Nous ne pouvons plus accepter que l'Etat valide les inégalités. Il faut définitivement en finir avec la vision à court terme qui détermine les réponses du gouvernement. Nous ne voulons pas d'un plan banlieue de plus qui traite systématiquement les problèmes à l'aune de l'exception. Les villes - à l'instar du reste du territoire - doivent être traitées selon le droit commun.

Se pose clairement la question du rôle régulateur de l'Etat. Le mouvement actuel qui conduit l'Etat à se retirer progressivement des dispositifs d'aide annihile les garanties et laisse la nécessaire entraide dépendre du bon vouloir de ceux qui en ont à la fois l'envie et les moyens.

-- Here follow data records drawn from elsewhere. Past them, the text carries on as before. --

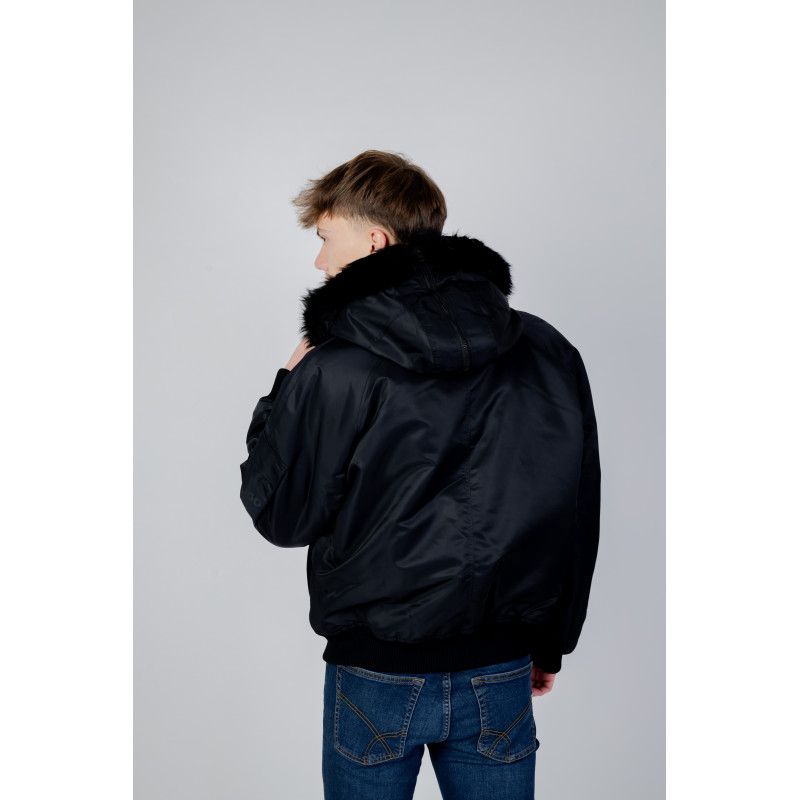 Hugo Striukė 50496328 Black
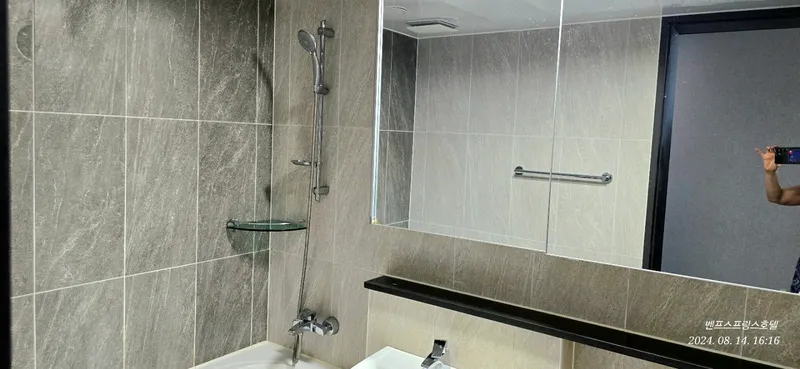 [Sokcho] Sokcho House, a drawing studio! A spacious 11th-floor apartment with two ocean views. 6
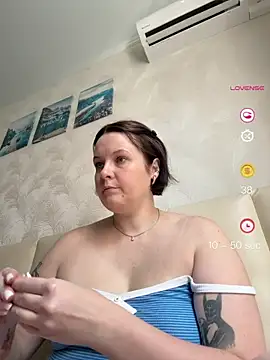 Snapshot of HubbaBaby chatting on 16, 7, 2026 HubbaBaby online show from 16, 7, 2026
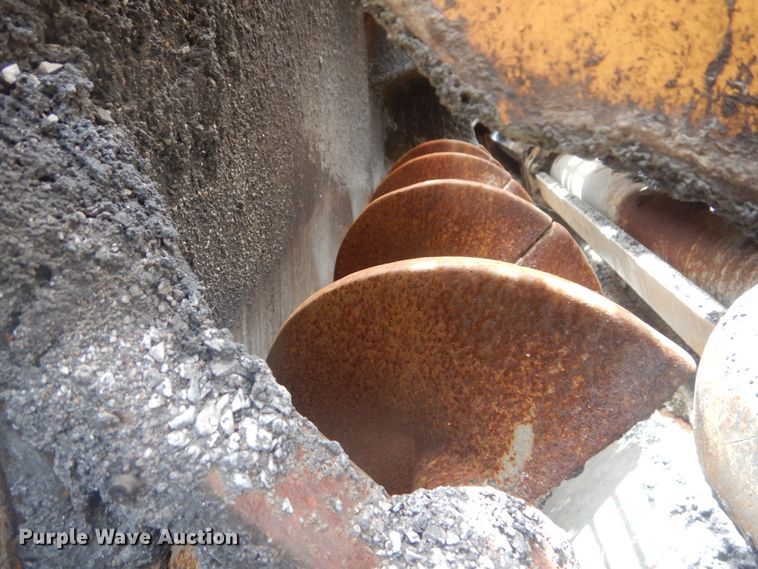 image for item IT9147 2012 LeeBoy 8500B  paver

Pour rétablir l'autorité publique dans toutes ses dimensions, il faut mettre en œuvre une politique beaucoup plus ambitieuse et réinventer le projet collectif. Il faut retrouver une cohérence économique et sociale, redonner un contenu à la notion de solidarité et de responsabilité individuelle, ne pas transiger sur le rappel de chacun aux règles communes, redéfinir le rôle de l'Etat et les missions des services publics.

Louis Pelaez, mercredi 28 novembre 2007 à 14:16.